There is no clear, single path to getting published. While I haven't yet reached a level of commercial success, I have climbed the mountain a couple times. Here are a few basic lessons I’ve learned on the journey:
1) Compelling content. You’ve got to have something really important or entertaining to share. A guy I know sold five times more books on repairing small engines than I sold in two page-turning novels. He went deep into a sliver of a niche while I surfed a part of the ocean.
2) Write it out. Unless you have $30,000 or so to pay some pro to write your story, you’ve got to write it yourself, and it better be dadgum good.
3) Find good editors. Harder than it sounds. You need people to give you feedback on content (plot, flow, tension), copy (grammar, punctuation) and most important, that it’s altogether worth continuing. Sugarcoated feedback from friends is a counterproductive tease.
4) Find a publisher. You can always pay $600 or so to self publish (print on demand), but if you do, the hundreds of hours you have invested so far are just a start.
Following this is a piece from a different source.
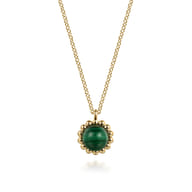 14K Yellow Gold Bujukan Malachite Pendant Necklace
Buy a copy of “Writer’s Market” at Barnes & Noble or Amazon for a full listing of publishers for your genre and send them a proposal, or query letter.
5) Marketing. So you have a book. Except for a few dozen sales to friends and family, who’s going to know it exists? Local book stores won’t carry self published books unless you really work it. The media pretty much ignore all the requests they get to announce new books. There are 200,000 books published every year and fewer people reading. Even if you land Doubleday or some other national publisher, you still need connections and hard work to promote your book. And good agents are even tougher to find than publishers.
6) Recovering your costs. You have to sell thousands of books to recover the many costs of writing, publishing and marketing. Only 250 or so Americans make a living writing fiction, so don’t quit your day job.
This all sounds onerous because it is. It’s the marketplace’s way of filtering the eagles from the pigeons. And yet despite all the time, frustration, rejection and cost, I’m still working on book #3.
If you’d like any more information about my journey, send me an email with your phone number.
Bottom line: keep your eyes on the stars, and your feet firmly planted in reality.